In 1993, Saltzman pleaded guilty in United States District Court for the Eastern District of New York to charges of insurance fraud related to a $610,000 claim before Chubb Insurance on behalf of a leather products company. By 2001, there had still been no sentencing hearing in his case, a delay that legal experts said was extraordinary. In 2002, having previously made financial restitution, Saltzman attempted to withdraw that felony plea, have it expunged, and substitute a misdemeanor plea instead, but a federal judge denied the request.

==Philanthropic activities==
In 2003, Columbia University's Institute of War and Peace Studies was renamed the Arnold A. Saltzman Institute of War and Peace Studies. Two endowed chairs under the Saltzman name were also added at that time. Saltzman later said, "Anything that can fight war and promote peace I'm for!"

As a benefactor, Saltzman and his wife played a part in the creation of the Joan and Arnold Saltzman Community Services Center at Hofstra University, where he was a trustee emeritus. The center provides health services both to Hofstra and the local community and additionally provides educational and practitioner experience for Hofstra students.
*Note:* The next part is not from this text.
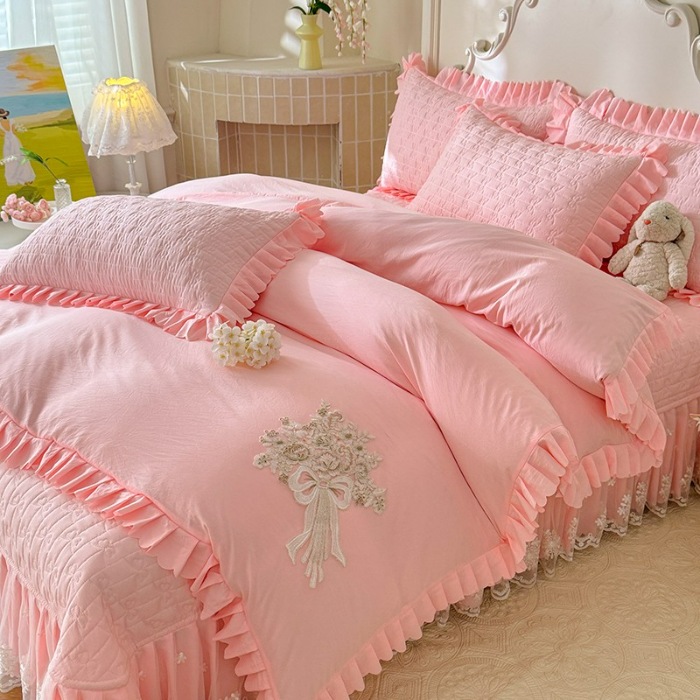 91家纺网 家纺一手货源 找家纺 漫布云家纺2025春夏新品韩版甜美公主风超柔水洗棉床盖四件套刺绣针织棉双层纱纯棉棉麻全棉少女心夹棉床裙款夏被款床盖 花夕-樱花粉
He was founding president of the Nassau County Museum of Art, having been given the charge in the late 1980s by the county executive, Thomas Gulotta, to revive and reimagine the county's former Fine Arts Museum. For this, Newsday named him one of "23 Long Islanders whose track records say they're worth watching" in 1989. He took a hands-on role in the museum task, to the extent of sometimes coming in direct conflict with the director of the museum. The couple are reflected in the name of the Arnold and Joan Saltzman Fine Arts Building there, where he became chairman emeritus. It was given this name following a large-scale renovation of the central building on the museum. In 2012, Saltzman was the originating force behind bringing a world-class Marc Chagall exhibit to the museum.

Saltzman also served as a trustee of the Baltimore Museum of Art and was involved with acquisitions for the Museum of Modern Art in New York. In 2012, the library in Port Washington, New York, named its reading room after the couple following a large gift from the Saltzman Foundation.

==Final years==
Saltzman died on January 2, 2014, at his home in Sands Point, New York.

==Awards and honors==
Saltzman was given honorary degrees by Adelphi University in 1985 and Hofstra University in 1986.

In 2002, Saltzman was presented with the Order of Honor from the Republic of Georgia, "in recognition of his notable personal contribution to the implementation of international aid programs [and] his active support of Georgia's interest and generous charity work".